UPDATED 14:19 EDT / OCTOBER 23 2018

AI

SAP debuts new enterprise AI tools for automating customer support and more

SAP SE is injecting more artificial intelligence into its portfolio.

At an event in Barcelona today, the company unveiled a collection of tools aimed at opening up new ways for enterprise customers to harness AI. The additions range from point solutions focused on highly specific tasks to software intended to automate entire workflows.

The most expansive of the bunch is Conversational AI, a new iteration of the company’s Recast.AI chatbot builder that promises to drastically speed up virtual assistant development.

There plenty of tools out there for creating customer support bots, some with drag-and-drop controls accessible to nontechnical users. But SAP claims that developing an assistant sophisticated enough to meet a large enterprise’s needs is still a complicated endeavor. Omer Biran, the managing director for Conversational AI, said a typical project takes nine months.

The new service promises to compress that to nine weeks. It generates advice on how to enhance chatbot performance and packs analytics features that let developers manually look for ways to improve the user experience.

One of the additions is a dashboard for tracking how customers interact with a bot, visibility that SAP said enables companies to find support questions they need to address better. Another new feature lets developers dig into the datasets they use to train an assistant’s AI algorithms to find areas for improvement. SAP has also thrown in a versioning system to help software teams manage the release of bot updates.

For smaller projects that don’t require as much technical know-how, Conversational AI provides an automated bot builder. The tool, currently in alpha, makes it possible to generate a simple assistant in minutes from a pre-prepared script.

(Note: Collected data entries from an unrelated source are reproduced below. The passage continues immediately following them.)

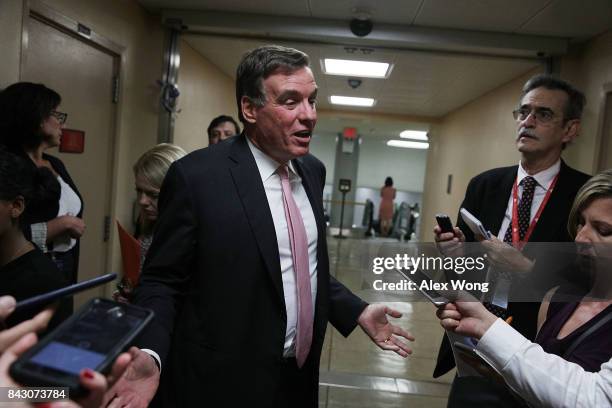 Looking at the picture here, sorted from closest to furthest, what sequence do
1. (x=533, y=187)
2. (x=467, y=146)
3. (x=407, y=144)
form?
(x=533, y=187), (x=467, y=146), (x=407, y=144)

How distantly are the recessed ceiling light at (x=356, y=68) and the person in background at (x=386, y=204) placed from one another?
599 centimetres

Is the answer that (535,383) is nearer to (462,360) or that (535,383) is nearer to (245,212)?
(462,360)

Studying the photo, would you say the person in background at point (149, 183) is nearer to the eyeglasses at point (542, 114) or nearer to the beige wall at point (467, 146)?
the eyeglasses at point (542, 114)

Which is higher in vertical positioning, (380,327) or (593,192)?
(593,192)

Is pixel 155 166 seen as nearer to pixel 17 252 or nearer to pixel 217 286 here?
pixel 17 252

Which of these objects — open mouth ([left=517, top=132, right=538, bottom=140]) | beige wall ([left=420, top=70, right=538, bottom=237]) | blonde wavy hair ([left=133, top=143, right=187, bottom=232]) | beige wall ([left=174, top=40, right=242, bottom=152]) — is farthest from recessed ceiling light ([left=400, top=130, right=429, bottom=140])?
blonde wavy hair ([left=133, top=143, right=187, bottom=232])

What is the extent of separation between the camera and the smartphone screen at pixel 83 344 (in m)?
0.51

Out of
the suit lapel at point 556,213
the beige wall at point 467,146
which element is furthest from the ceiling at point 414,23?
the suit lapel at point 556,213

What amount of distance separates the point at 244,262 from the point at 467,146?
229 inches

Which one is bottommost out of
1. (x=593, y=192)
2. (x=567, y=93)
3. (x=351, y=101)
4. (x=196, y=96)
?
(x=593, y=192)

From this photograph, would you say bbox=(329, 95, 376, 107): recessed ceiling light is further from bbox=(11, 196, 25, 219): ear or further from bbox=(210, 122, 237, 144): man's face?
bbox=(11, 196, 25, 219): ear

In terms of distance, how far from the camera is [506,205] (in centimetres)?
175

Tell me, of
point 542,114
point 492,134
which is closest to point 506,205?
point 542,114

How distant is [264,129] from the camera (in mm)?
1253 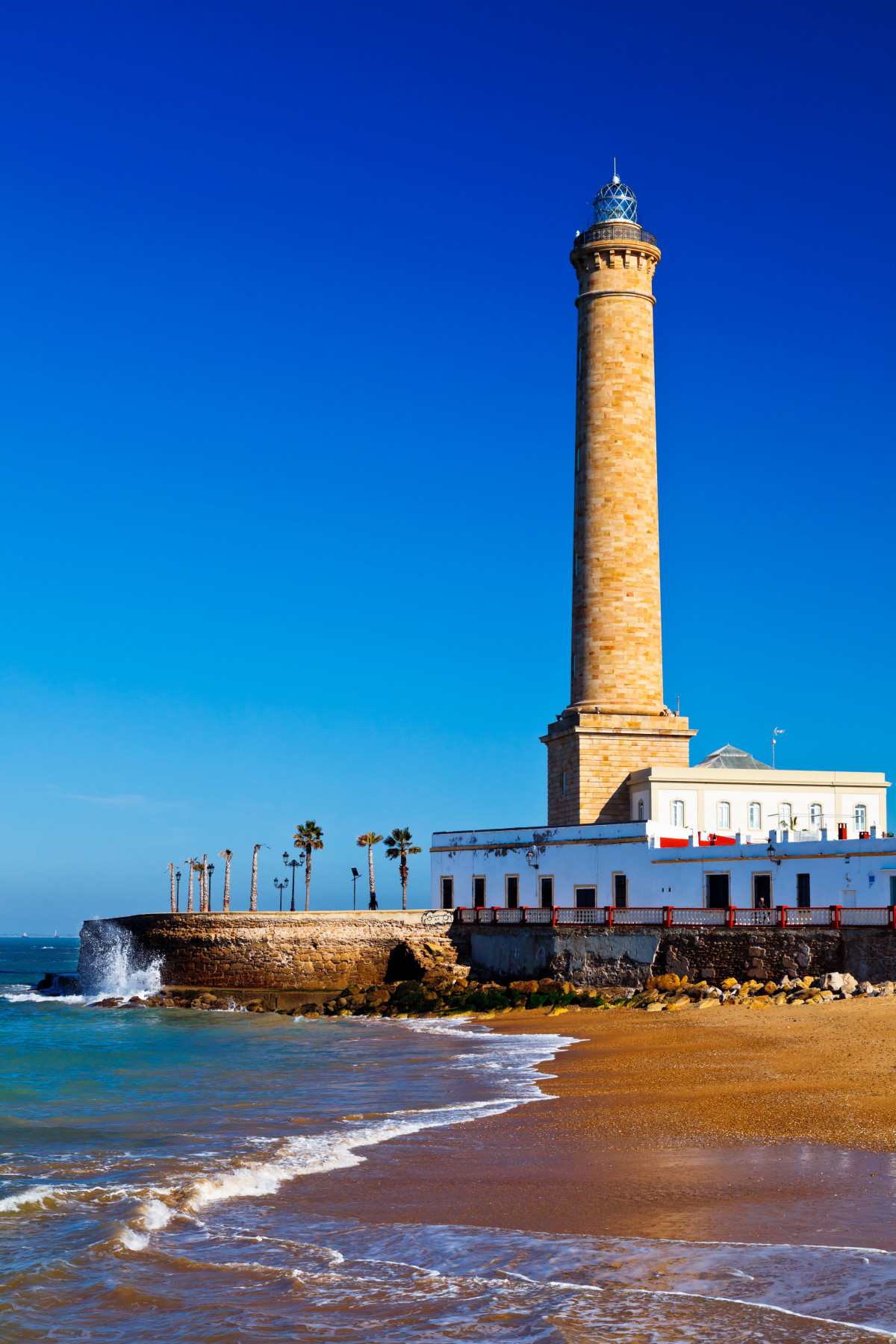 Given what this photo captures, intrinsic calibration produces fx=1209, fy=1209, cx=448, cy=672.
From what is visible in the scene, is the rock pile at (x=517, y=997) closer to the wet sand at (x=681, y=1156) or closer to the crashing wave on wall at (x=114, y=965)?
the crashing wave on wall at (x=114, y=965)

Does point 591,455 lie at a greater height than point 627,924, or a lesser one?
greater

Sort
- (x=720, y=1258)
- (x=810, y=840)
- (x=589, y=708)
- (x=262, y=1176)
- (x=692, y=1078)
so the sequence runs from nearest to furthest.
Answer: (x=720, y=1258)
(x=262, y=1176)
(x=692, y=1078)
(x=810, y=840)
(x=589, y=708)

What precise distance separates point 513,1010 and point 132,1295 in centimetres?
2189

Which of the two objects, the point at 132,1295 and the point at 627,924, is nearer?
the point at 132,1295

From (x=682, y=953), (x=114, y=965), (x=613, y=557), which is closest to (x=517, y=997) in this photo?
(x=682, y=953)

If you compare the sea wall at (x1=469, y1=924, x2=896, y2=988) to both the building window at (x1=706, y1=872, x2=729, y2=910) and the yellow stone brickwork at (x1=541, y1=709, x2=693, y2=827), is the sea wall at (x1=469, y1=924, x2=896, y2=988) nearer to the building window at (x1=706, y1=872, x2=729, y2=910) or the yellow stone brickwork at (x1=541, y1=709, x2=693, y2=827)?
the building window at (x1=706, y1=872, x2=729, y2=910)

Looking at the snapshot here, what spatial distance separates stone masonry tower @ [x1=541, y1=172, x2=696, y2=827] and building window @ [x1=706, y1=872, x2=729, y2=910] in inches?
211

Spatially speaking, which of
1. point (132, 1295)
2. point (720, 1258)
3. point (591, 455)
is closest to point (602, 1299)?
point (720, 1258)

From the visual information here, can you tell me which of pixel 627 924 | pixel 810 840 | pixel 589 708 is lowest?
pixel 627 924

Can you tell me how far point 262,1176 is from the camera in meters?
12.0

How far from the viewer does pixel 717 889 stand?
104 feet

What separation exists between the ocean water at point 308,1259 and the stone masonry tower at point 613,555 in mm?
20478

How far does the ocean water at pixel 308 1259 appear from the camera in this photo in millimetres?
7727

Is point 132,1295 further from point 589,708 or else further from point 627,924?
point 589,708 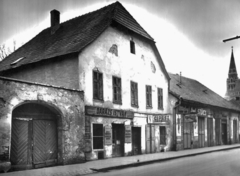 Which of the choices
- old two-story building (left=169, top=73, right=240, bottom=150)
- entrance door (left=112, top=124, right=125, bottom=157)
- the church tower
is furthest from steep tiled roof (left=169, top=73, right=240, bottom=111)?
the church tower

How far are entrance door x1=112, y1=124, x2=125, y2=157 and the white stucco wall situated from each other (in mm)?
1287

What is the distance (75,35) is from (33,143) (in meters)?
8.23

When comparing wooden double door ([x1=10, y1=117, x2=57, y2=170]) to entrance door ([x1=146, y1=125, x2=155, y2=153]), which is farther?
entrance door ([x1=146, y1=125, x2=155, y2=153])

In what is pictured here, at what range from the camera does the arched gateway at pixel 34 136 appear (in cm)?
1177

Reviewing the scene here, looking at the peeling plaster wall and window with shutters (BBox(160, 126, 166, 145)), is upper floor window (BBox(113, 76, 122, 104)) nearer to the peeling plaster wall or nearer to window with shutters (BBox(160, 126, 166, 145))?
the peeling plaster wall

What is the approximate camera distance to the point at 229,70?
91.6 m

SAP announced Conversational AI alongside five AI tools that address some of the most common use cases for machine learning in the enterprise. They can be used to identify objects and text in images, match similar documents based on their contents and convert text into speech or vice versa.

The services will roll out over the next two months. On the longer term, SAP plans to infuse machine learning into its core lineup of business applications in the form of robotic process automation features. RPA is a fast-growing solution category that focuses on harnessing machine learning to automate tasks historically done by humans.

SAP didn’t share much details about the roadmap, only that the RPA features will first roll out for the S/4HANA business management suite in early 2019. The software giant’s entry into the RPA race will increase the competition in what is already a crowded segment.

SAP’s introduction of the AI features comes against the backdrop of rival Oracle Corp.’s OpenWorld conference, where the company introduced new machine learning capabilities of its own. Among the additions are specialized chatbots designed to automate common accounting and human resource management tasks.